Kleemation for flute and piano

Kleemation
for flute and piano (2003)
Navona CD #5884 & iTunes
Noteworthy Sheet Music, 17 minutes

“highly abstract yet accessible” (WRUV Reviews)
“Vercoe musically renders Klee’s drawings with all the humor, fear, and reality
that make each one leap from its canvas…” (IAWM Journal))
“The music and musicianship live up to the master.” (Samuel Jay Keyser)

Kleemation for flute and piano is in five short movements based on five drawings by Paul Klee titled: Goodbye to You, Please!, Afraid on the Beach, More Will Be Marching Soon, and Woman Sowing Weeds. The music was written on commission for flutist Lisa Vanarsdel and pianist Patricia Halbeck while the composer held the Acuff Chair of Excellence in the Creative Arts at Austin Peay State University in Tennessee. Kleemation received its premiere at the university on the Dimensions New Music concert series in 2003. It was first performed in New England in 2004 by “2” with flutist Peter H. Bloom and pianist Mary Jane Rupert at the Duxbury Art Museum in Duxbury, Massachusetts. Subsequently, “2” has performed the piece many times on tours in the U.S., Thailand, Australia and New Zealand.

Program Notes:
The first short movement, “Goodbye To You,” incorporates the title into the rhythm of the music, both in the opening piano phrase and toward the end. This is a goodbye said in a matter of seconds and viewed later with a certain wry humor.

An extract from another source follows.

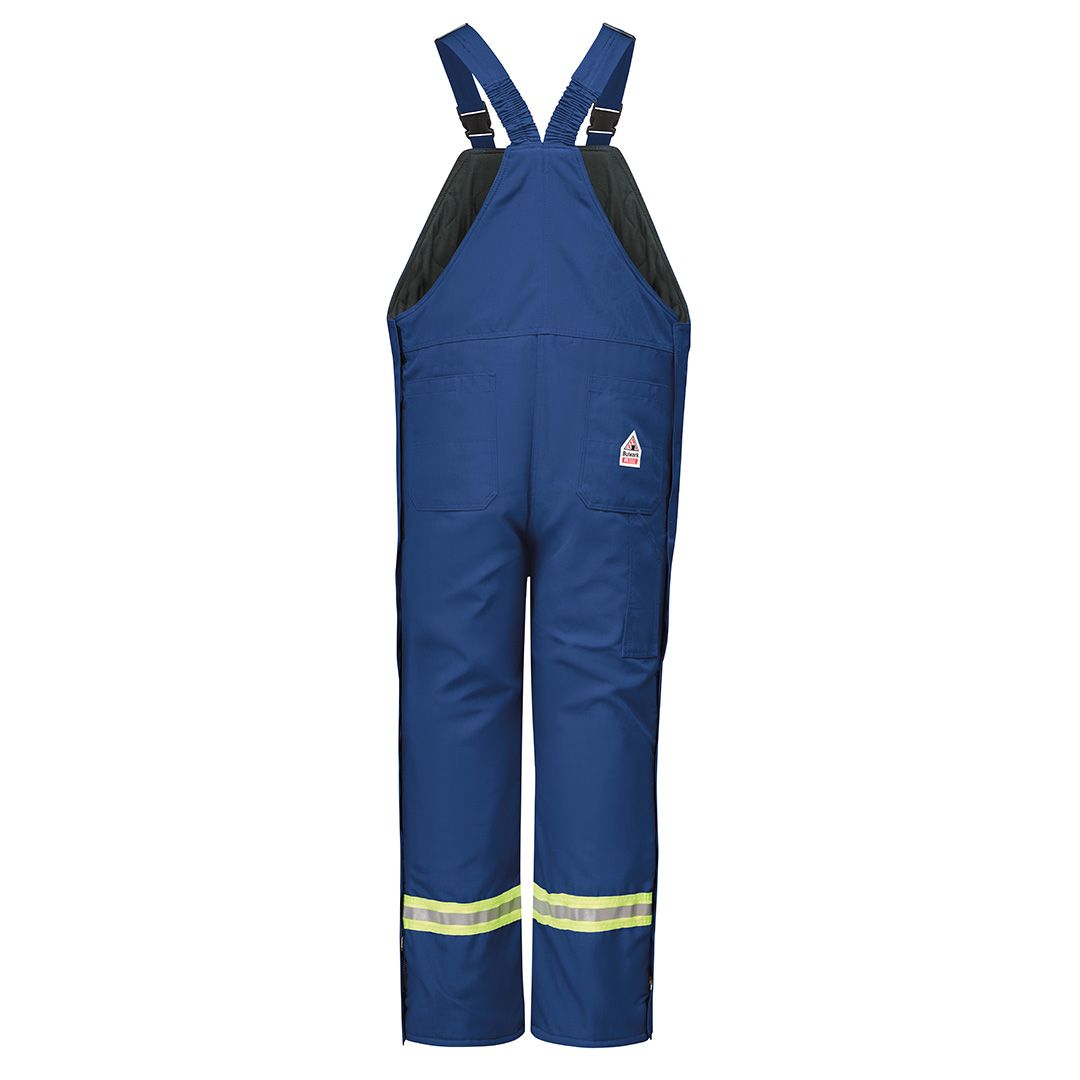 Product image for Men's Lightweight Nomex FR Water Repellent Deluxe Insulated Bib Overall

“Please!” draws on the vernacular tradition of a kind of swing music with striding bass line and laid-back melodic line, but the music becomes more strident and complex before it reverts to a more tense version of the easy-going opening.

“Afraid on the Beach” is the longest of the five, with a flowing piano part intended to evoke the relentless pounding of waves with a soaring flute line high above. There are two breaks for quiet and reflection and a final return to the beginning music.

“More Will Be Marching Soon” incorporates the hymn Onward Christian Soldiers into the flute and piano parts, reflecting the anxiety of both Klee’s situation in Germany as a member of the Bauhaus School (which was eventually closed down by the Nazis) and our own uncertain times.

The “Woman Sowing Weeds” is probably subversive, scattering weeds instead of flower or vegetable seeds. Whatever her intent, her action is sure. The flickering flute gestures are like the flicks of the scattering hand over a staccato piano raining down tiny seeds.